English writer and educator whose single influential book — The Uses of Literacy (1957) — and single institutional act — founding the Centre for Contemporary Cultural Studies at Birmingham in 1964 — between them did more than anything else to make a working-class English upbringing a legitimate object of serious academic attention. Orphaned by ten and raised by a grandmother in the back streets of Hunslet, Leeds, he came up through a grammar school and Leeds University on scholarship, fought in North Africa and Italy with the Royal Artillery, and spent a formative decade after the war teaching in the adult-education extramural department at Hull — the same provincial, serious, WEA-adjacent world that shaped Raymond Williams and, in his way, E.P. Thompson.

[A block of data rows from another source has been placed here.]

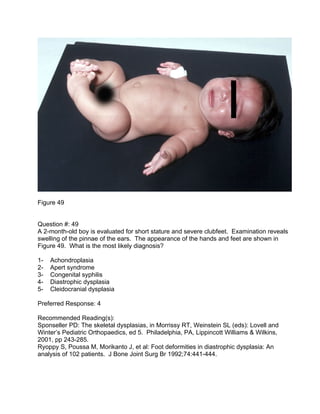 Figure 49


Question #: 49
A 2-month-old boy is evaluated for short stature and severe clubfeet. Examination reveals
swell...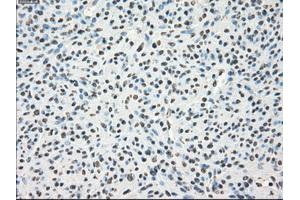 Immunohistochemical staining of paraffin-embedded Kidney tissue using anti-LTA4Hmouse monoclonal antibody. (LTA4H antibody)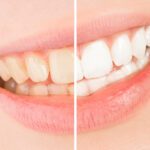 Tooth discoloration can be a problem for many people. If you're concerned about the appearance of your teeth, read more about the causes of stained teeth today.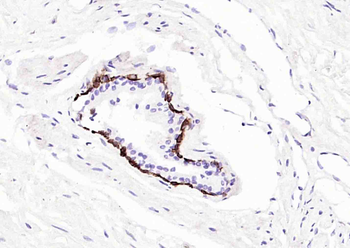 Cytokeratin 14 Mouse Monoclonal Antibody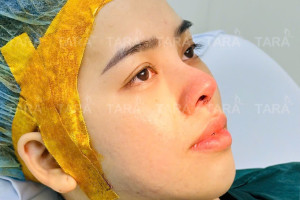 Cách chăm sóc sau nâng mũi siêu vi phẫu để có kết quả tốt nhất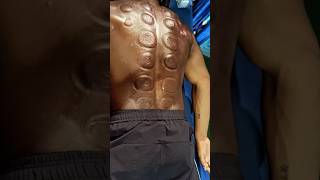 Cupping therapy for recovery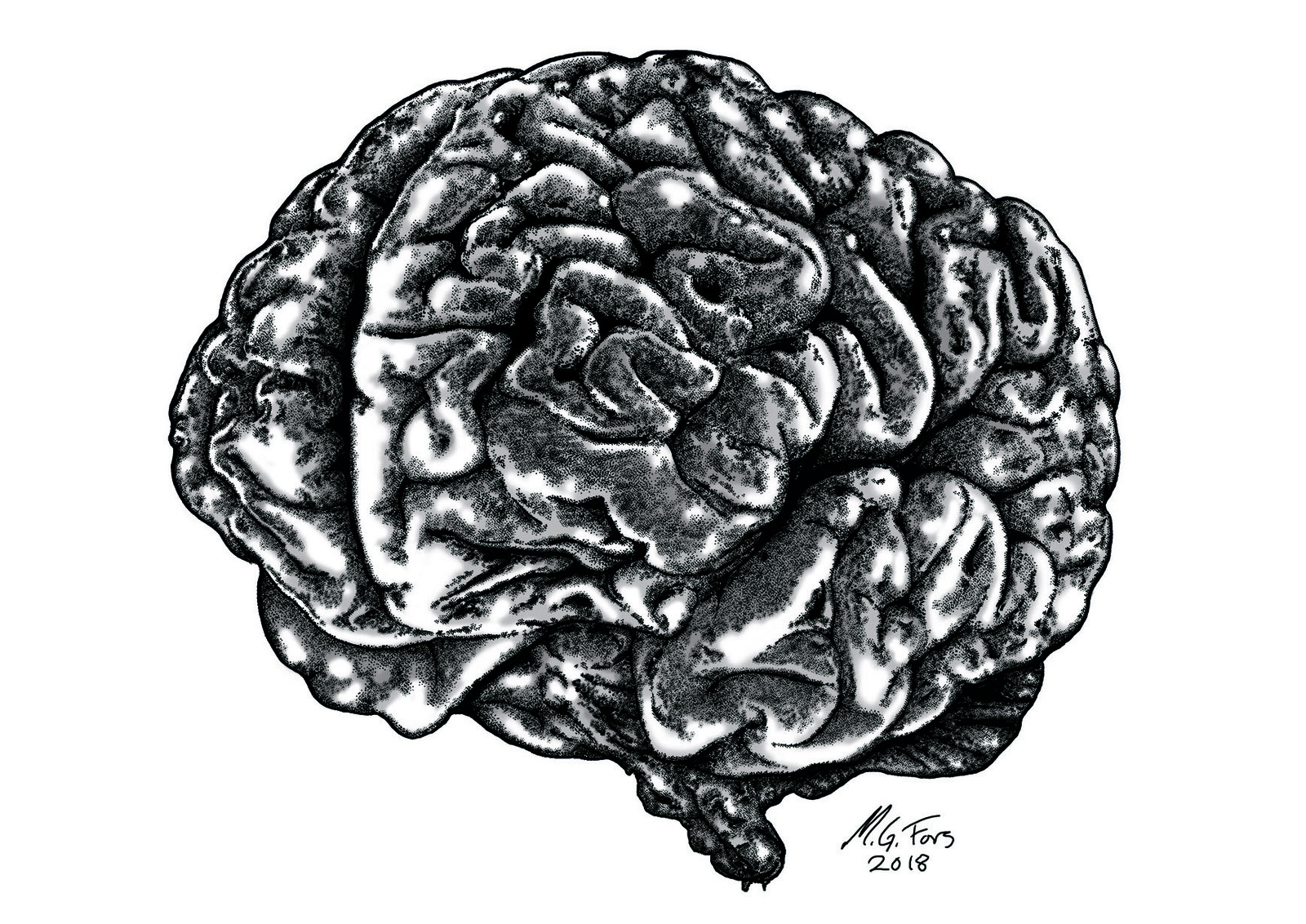 Anatomical Brain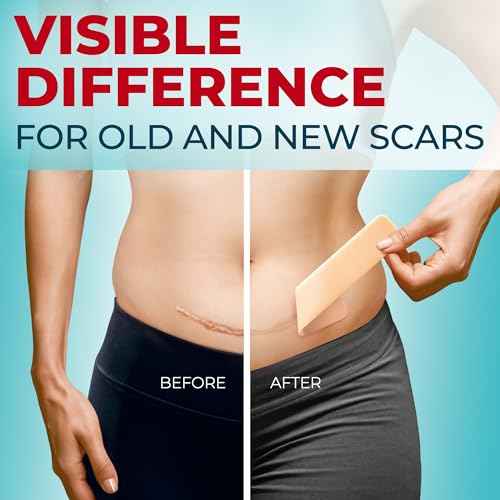 Medical Grade Silicone Scar Sheets - 6pk (5.7¡±x1.6¡±) - Visible Difference on Surgical & Keloid Marks - Reusable C-Section Scar Silicone Strips - Easy to Use Strips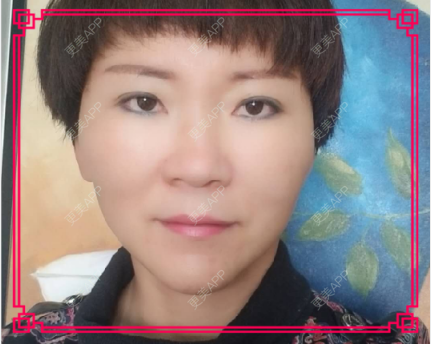 更美 - 更美用户issoWkJiGy的拉皮经验 | 白银 | 拉皮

The Uses of Literacy is two books joined at the hip. The first half is a loving reconstruction of the culture of "the older order" — the Hunslet of his childhood in the 1920s and 30s, its kitchens and pubs and Peg's Paper and Sunday outings, its values of decency, neighbourliness, and the deep scepticism-of-betters that counted as working-class intelligence. The second half is an alarmed assessment of what the commercial mass press, picture papers, and Hollywood-inflected "candy-floss world" were doing to that culture in the 1950s. The combination — insider's ethnography plus Leavisite moral protest — was new, and it opened up territory that literary criticism had no tools for. He appeared in 1960 as a defence witness at the Lady Chatterley obscenity trial, where his testimony that the novel was "highly virtuous, almost puritanical" helped acquit Penguin and end literary censorship in Britain.

Under Hoggart the Birmingham CCCS was still close in spirit to Uses of Literacy — moral, humanist, suspicious of Continental theory; it was Stuart Hall who, taking over in 1968, turned it toward Gramsci, Althusser, structuralism, and race. Hoggart himself moved on, serving as UNESCO's Assistant Director-General from 1971 to 1975 and spending his later career on adult education, public broadcasting, and the literacy of democratic citizenship. His autobiography in three volumes (A Local Habitation, A Sort of Clowning, An Imagined Life) is among the best English accounts of a 20th-century scholarship-boy trajectory, and the phrase "scholarship boy" itself — the uprooted grammar-school survivor caught between his parents' world and the university's — is his coinage, still doing work.